Figure 1.
Position of GM041182 in the Mycobacterium tuberculosis complex genome phylogeny.
The phylogenetic tree is based on the mapping of Illumina data for representative strains of the complex to the newly generated M. africanum GM041182. The phylogeny was reconstructed using Neighbor-joining and is based on 9,699 variable positions in at least one strain. One thousand bootstrap pseudo-replicates were used to assess clade reliability. All nodes had more than 90% support. The positions of RD900h and RD900h are indicated. Numbers in branches refers to the corresponding number of SNPs inferred. Lineage names are according Hersbergh 2008 while numbers are according to Comas et al. 2010. A review of the nomenclature and comparison with other typing systems can be found in Coscolla and Gagneux 2010 [70] and Comas et al. 2009 [71].
Figure 2.
Number of pseudogene events that occurred in the different lineages of the M. tuberculosis complex.

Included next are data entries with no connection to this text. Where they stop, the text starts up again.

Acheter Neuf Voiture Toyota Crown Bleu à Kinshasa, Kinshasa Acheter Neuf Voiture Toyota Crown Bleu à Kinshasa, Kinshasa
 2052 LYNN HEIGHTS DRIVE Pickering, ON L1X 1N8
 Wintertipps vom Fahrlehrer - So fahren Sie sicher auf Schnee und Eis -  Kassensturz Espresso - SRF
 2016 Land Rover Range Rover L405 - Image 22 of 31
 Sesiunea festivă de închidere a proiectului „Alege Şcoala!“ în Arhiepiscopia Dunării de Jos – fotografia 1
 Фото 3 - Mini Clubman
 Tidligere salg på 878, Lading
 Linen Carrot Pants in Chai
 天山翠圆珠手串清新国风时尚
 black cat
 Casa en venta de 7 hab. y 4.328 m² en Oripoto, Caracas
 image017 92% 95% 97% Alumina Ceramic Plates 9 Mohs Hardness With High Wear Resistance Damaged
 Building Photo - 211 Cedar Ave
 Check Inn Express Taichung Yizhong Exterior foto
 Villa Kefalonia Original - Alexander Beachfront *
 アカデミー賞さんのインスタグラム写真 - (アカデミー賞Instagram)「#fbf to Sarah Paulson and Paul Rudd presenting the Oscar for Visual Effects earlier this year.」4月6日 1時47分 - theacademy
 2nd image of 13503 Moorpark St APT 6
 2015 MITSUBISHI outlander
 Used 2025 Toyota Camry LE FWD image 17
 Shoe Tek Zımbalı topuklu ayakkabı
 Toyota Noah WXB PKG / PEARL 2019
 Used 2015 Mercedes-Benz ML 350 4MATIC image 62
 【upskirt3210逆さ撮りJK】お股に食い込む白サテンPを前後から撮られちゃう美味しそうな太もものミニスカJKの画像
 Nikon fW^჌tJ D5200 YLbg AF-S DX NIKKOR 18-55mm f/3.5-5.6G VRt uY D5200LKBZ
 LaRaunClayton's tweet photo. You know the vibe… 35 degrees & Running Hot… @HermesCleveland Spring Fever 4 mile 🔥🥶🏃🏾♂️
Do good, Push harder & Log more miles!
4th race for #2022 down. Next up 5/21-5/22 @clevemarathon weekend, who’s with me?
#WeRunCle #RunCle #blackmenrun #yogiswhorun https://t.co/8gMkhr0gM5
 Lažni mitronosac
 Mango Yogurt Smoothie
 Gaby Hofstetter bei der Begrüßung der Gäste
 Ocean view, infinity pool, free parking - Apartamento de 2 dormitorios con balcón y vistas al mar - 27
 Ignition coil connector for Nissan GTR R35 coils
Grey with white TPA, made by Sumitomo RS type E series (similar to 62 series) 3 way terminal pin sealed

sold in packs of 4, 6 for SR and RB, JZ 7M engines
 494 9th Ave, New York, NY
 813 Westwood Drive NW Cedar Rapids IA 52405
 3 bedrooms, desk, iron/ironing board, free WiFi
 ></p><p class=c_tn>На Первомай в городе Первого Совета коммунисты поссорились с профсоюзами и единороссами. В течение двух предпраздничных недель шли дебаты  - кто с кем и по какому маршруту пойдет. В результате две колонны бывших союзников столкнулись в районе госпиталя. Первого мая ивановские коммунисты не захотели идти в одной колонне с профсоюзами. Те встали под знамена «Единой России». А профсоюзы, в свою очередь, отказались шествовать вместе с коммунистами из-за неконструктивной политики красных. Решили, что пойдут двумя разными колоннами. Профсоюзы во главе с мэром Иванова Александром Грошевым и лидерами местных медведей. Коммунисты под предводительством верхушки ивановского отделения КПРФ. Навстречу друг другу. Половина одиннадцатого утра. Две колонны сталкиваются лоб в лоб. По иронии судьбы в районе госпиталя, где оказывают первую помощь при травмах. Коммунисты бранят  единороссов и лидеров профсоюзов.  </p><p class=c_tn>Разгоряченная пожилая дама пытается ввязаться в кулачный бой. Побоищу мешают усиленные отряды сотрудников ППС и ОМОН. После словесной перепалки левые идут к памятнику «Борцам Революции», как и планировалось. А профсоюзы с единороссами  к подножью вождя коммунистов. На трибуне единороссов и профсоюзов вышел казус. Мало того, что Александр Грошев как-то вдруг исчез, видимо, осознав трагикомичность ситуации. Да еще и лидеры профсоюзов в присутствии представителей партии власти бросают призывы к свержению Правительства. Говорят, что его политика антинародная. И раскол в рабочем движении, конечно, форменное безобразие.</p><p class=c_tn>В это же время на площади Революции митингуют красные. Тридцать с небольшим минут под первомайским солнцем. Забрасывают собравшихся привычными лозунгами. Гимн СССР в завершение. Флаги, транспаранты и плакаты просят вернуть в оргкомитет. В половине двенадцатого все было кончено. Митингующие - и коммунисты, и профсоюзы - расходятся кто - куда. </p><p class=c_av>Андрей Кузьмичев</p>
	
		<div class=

As the initial number of events was inferred from a three way comparison (see text for details) the number observed is a subset of all possible events that have happened in the evolution of the MTBC. Colours in the figure represent the different lineages of the MTBC as defined in Figure 1. Green: M. africanum West African 2 (Lineage 6), Brown: M. africanum West African 1 (Lineage 5), Red: M. tuberculosis Euro-American (Lineage 4), Purple: M. tuberculosis India and East Africa (Lineage 3), Blue: M. tuberculosis East Asia (Lineage 2), Pink: M. tuberculosis The Philippines and Rim of Indian Ocean (Lineage 1).
Figure 3.
Distribution of the number of pseudogene events by functional category.
Clusters of Orthologous Groups (COG) categories were derived from the NCBI M. tuberculosis H37Rv annotation while essential/non-essential classification was derived from experiments on transposon mutagenesis [72], [73].
Figure 4.
A. Comparison of the RD900 locus in M. bovis, M. africanum and M. tuberculosis.
The RD900 deletion is present in M. bovis (AF212297)and M tuberculosis (H37Rv) identified through a genome comparison with M. africanum (GM041182). Figure adapted from use of Artemis Comparison Tool. B. Alignment of PknH1 and PknH2 in M. africanum (GM041182). The first two thirds of PknH1 and PknH2 have a high level of sequence identity except for two distinct regions. The first region is an INDEL region from codons 194–214 in PknH1. The second is a substitution region where there are 53 amino acids in PknH1 (green) instead of a region of 23 amino acids in PknH2 (red). The substitution region allows us to identify two different RD900 deletions; RD900h in M. tuberculosis, and RD900a in M. bovis. C. Alignment of the substitution region of the PknH gene of M. tuberculosis and M. bovis. A different composite PknH gene has resulted from two different RD900 deletions described in B.
Figure 5.
The RD900 locus in other mycobacteria.
RD900 region is deleted in both M. tuberculosis (H37Rv) and M. bovis (AF212297) but not M. africanum (GM041182) M. canetti (CIPT140010059), M. marinum (M) or M. ulcerans (Agy99). In M. marinum an additional PknH gene is present (designated as PknH3). PknH3 is also present in M. ulcerans, where the PknH1 locus and a 5′ CDS (grey) have been duplicated/translocated to somewhere else in the genome (position 4951200–4955915). The entire “ancestral” PknH locus is not present. PknH genes were identified through comparative genome comparison of available shotgun sequences.